Mengatasi Pencemaran Air di lingkungan sekitar pemukiman padat sering kali disebabkan oleh pembuangan limbah rumah tangga dan sisa sabun cuci yang mengandung senyawa kimia kompleks berbahaya. Zat pencemar ini tidak hanya membunuh biota air alami seperti ikan dan tanaman air, tetapi juga merusak estetika lingkungan dengan menimbulkan bau tidak sedap yang mengganggu kenyamanan hidup warga. Metode penjernihan air secara kimiawi konvensional yang mahal dan menyisakan residu baru di dasar sungai kini sudah mulai ditinggalkan oleh para pakar lingkungan hidup. Sebagai upaya membekali para siswa dengan kemampuan menyampaikan data lingkungan secara persuasif dan mudah dipahami masyarakat luas, pihak sekolah mengintegrasikan workshop jurnalisme visual melalui program khusus visual journalism di sela-sela kegiatan belajar harian. Melalui perpaduan ilmu biologi terapan dan kemampuan publikasi yang menarik, para siswa dapat ikut mengampanyekan gerakan pembersihan saluran air secara alami di lingkungan tempat tinggal mereka.
Pemanfaatan agen biologi alami berupa bakteri pengurai khusus terbukti mampu mendegradasi kandungan zat racun di dalam air limbah menjadi senyawa yang jauh lebih ramah lingkungan. Metode pelestarian alam yang dikenal dengan istilah bio-remediasi ini mengandalkan kemampuan metabolisme mikroorganisme untuk mengonsumsi minyak, detergen, dan limbah organik lainnya tanpa memerlukan tambahan pasokan energi listrik yang boros. Proses alami ini sangat aman bagi kelangsungan rantai makanan ekosistem sungai karena tidak melibatkan zat asam pekat atau klorin yang dapat merusak kualitas tanah di sepanjang aliran bantaran air.

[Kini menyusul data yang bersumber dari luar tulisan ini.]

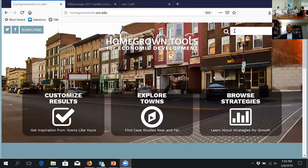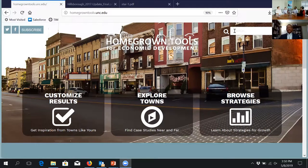As far as tourism goes and our overall economic development strategy, seeing what other people are doing — even in the tourism realm — has been nice to see how others are leveraging their greenways and other mountains-to-sea trail communities like we are, kind of see what they're doing. It's just been really good.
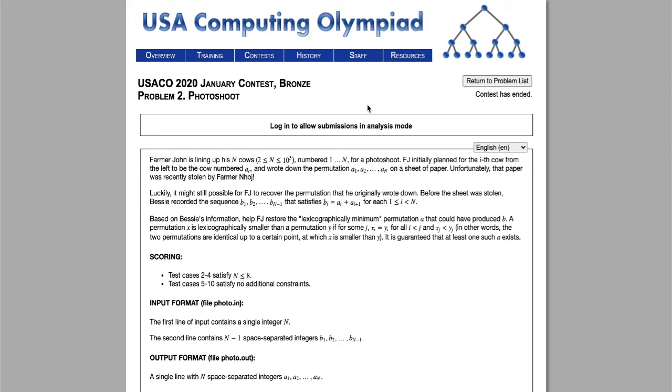Hello. Today we'll be going over the bronze level question from the USACO 2020 January contest. It will be problem 2, photoshoot.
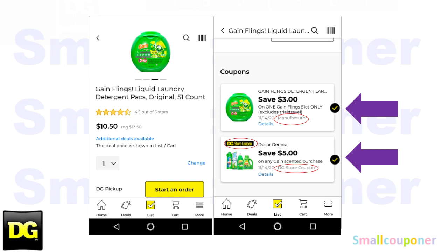When you scan in your Gain-scented item, the $5.30 store coupon should show up and the manufacturer coupon for the item should show up. If you don't have a manufacturer coupon for the item, the $5.30 should at least show up for every Gain-scented item in your cart in order for your scenarios to work out. If the $5.30 is not showing up for one of the items, you will throw off your whole scenario — so make sure that at least the $5.30 is showing up for every item in your cart.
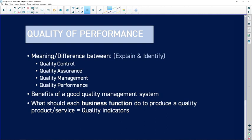Quality performance is our last topic. Low-hanging fruit includes the meaning or difference between quality control, quality assurance, quality management, and quality performance. Popular question types are 'explain' and 'identify.' If they ask you to identify, they'll give you a scenario and you need to determine which is which. They might also ask you to explain the difference between quality control and quality assurance, so you need to know these definitions very well.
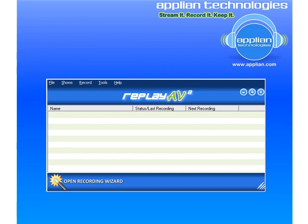There's a feature in ReplayAV that will allow me to send via email any of my recorded files. I can set it up to do it automatically as soon as the recording is finished, or I can do it after the fact, once I already have a recorded file. Let me show you how it works.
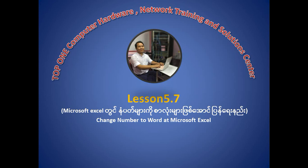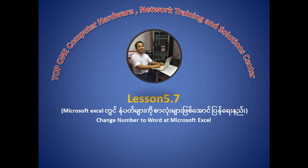Today, we are going to talk about Microsoft Excel.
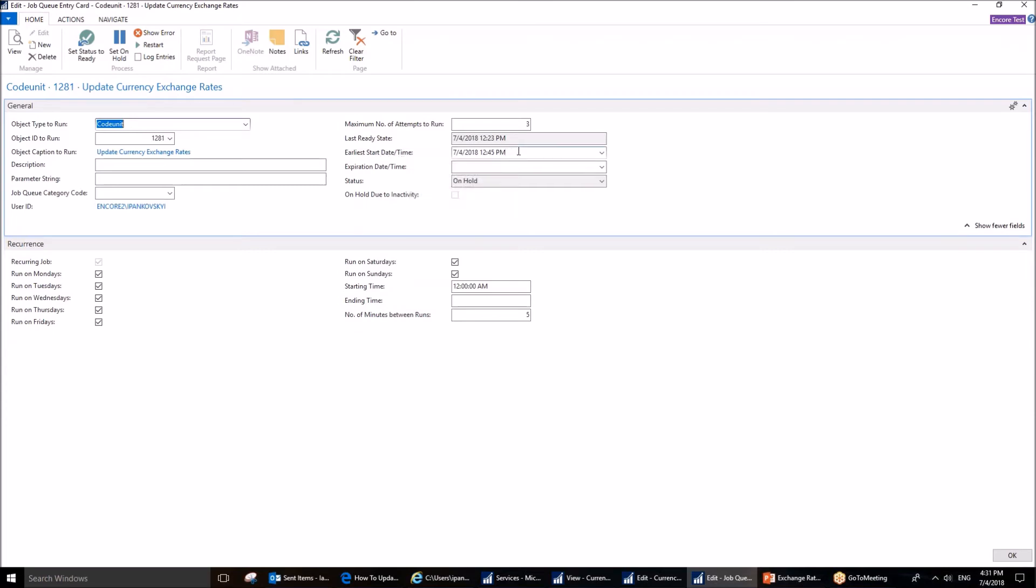When do you want this system to start being connected to the Bank of Canada website? You can set it to any date. You can make it tomorrow, for example, if you'd like to. All you need to do is to update that date.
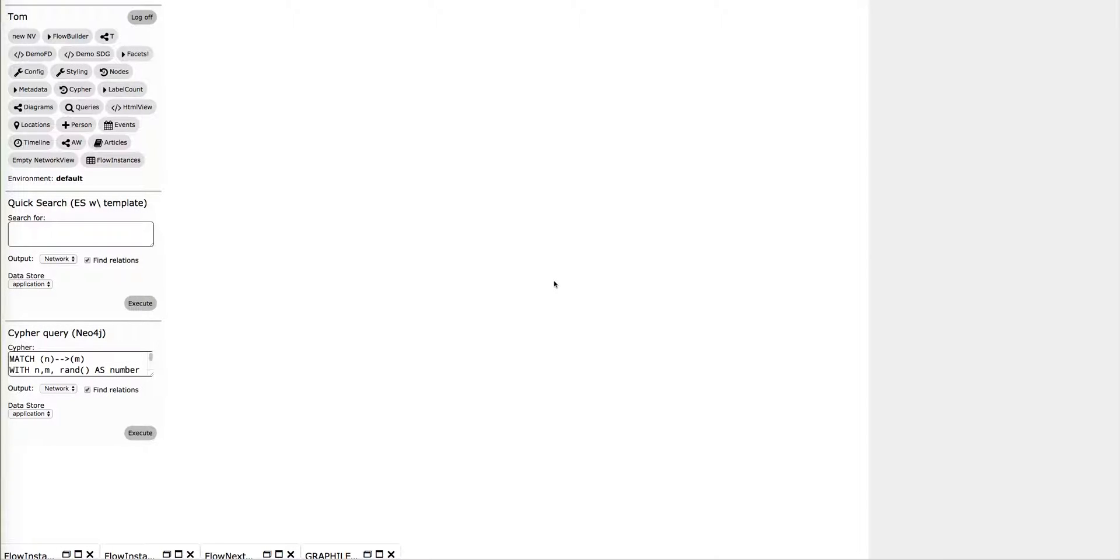This is Tom Sepperveld from Grafilion with a short demonstration of a typical use case, which is process flows, which of course by nature are graphs.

Lembaga pendidikan memiliki kesempatan besar untuk menjadikan program penyelamatan sungai ini sebagai bagian dari proyek penguatan profil pelajar yang berbasis pada pemecahan masalah lingkungan hidup yang nyata. Siswa dapat dilatih untuk mengembangbiakkan bakteri pengurai dalam skala laboratorium mini sekolah, mengukur perubahan tingkat kecerahan air sampel secara berkala, hingga menuangkan cairan mikroba tersebut ke dalam saluran drainase sekolah. Aktivitas belajar luar ruangan yang menantang ini akan menumbuhkan kerja sama tim, rasa tanggung jawab sosial, serta kepedulian universal yang mendalam terhadap bumi di dalam jiwa setiap anak didik.
Mencetak generasi penerus bangsa yang menguasai ilmu bioteknologi ramah lingkungan merupakan modal utama dalam membangun masa depan industri nasional yang bersih dan berkelanjutan. Ketika anak-anak muda memahami bahwa alam memiliki mekanisme penyembuhan mandiri yang dapat dioptimalkan lewat sains, mereka akan lebih bijaksana dalam mengonsumsi produk kebutuhan sehari-hari yang bebas polusi. Melalui kolaborasi yang sinergis antara pihak sekolah, instansi lingkungan hidup, serta peran aktif masyarakat luas, gerakan pemulihan kualitas air sungai ini akan membawa dampak positif jangka panjang bagi kesehatan generasi mendatang.